* Image-text web data *
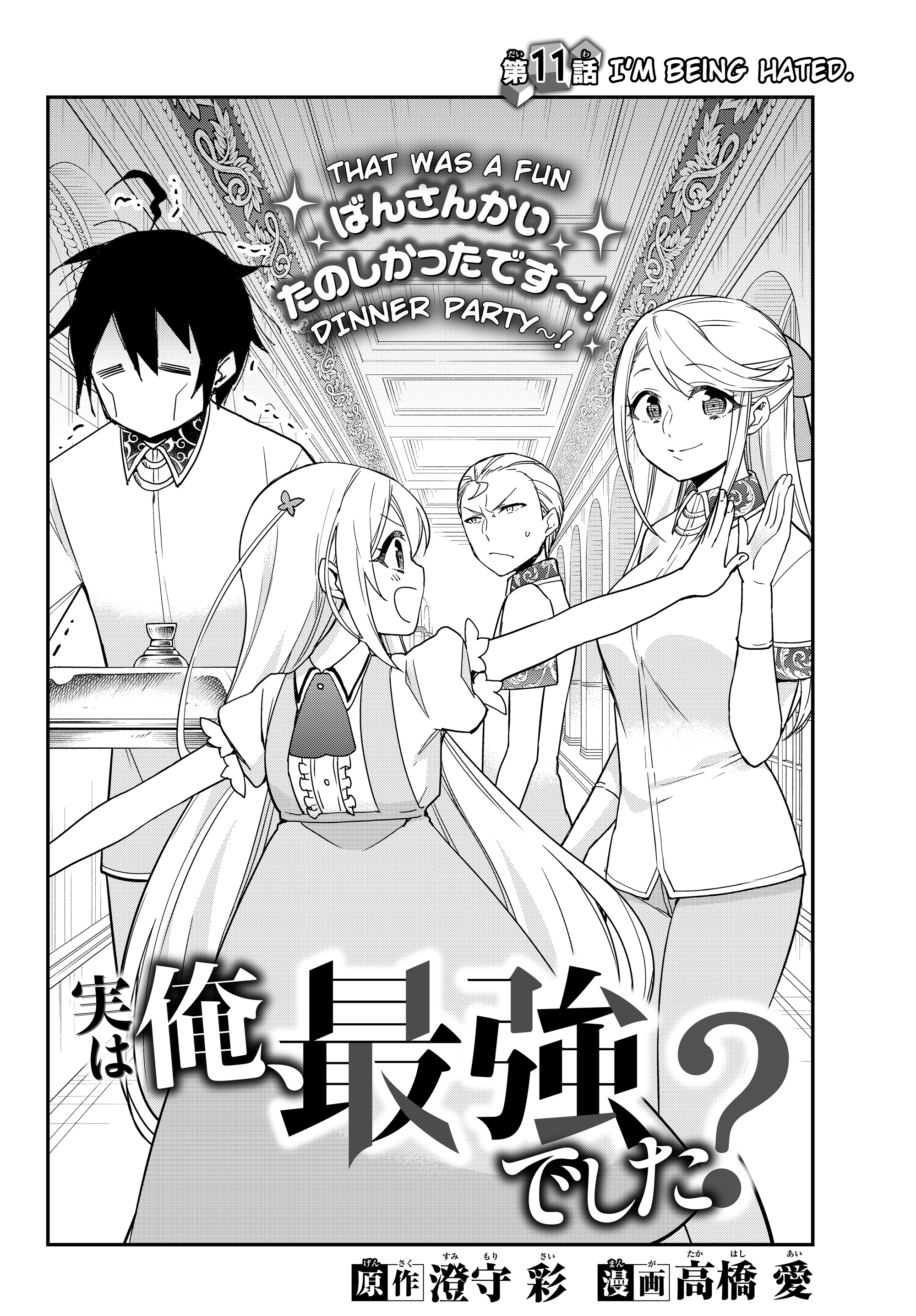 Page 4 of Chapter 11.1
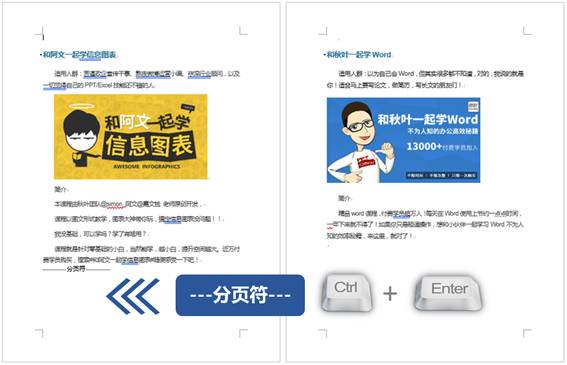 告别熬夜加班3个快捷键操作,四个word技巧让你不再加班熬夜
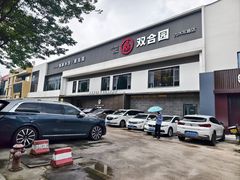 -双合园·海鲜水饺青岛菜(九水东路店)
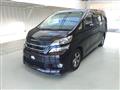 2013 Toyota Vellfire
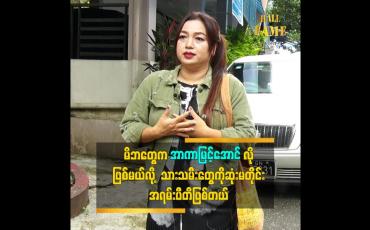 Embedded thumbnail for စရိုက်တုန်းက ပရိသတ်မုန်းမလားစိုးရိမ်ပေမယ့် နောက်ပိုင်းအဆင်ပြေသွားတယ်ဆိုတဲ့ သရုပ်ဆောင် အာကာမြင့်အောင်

* The task *
I would like you to set down the lines above, from the one containing "-双合园·海鲜水饺青岛菜(九水东路店)" to the final line, exactly as written and without pictures.

* Answer to this problem *
 -双合园·海鲜水饺青岛菜(九水东路店)
 2013 Toyota Vellfire
 Embedded thumbnail for စရိုက်တုန်းက ပရိသတ်မုန်းမလားစိုးရိမ်ပေမယ့် နောက်ပိုင်းအဆင်ပြေသွားတယ်ဆိုတဲ့ သရုပ်ဆောင် အာကာမြင့်အောင်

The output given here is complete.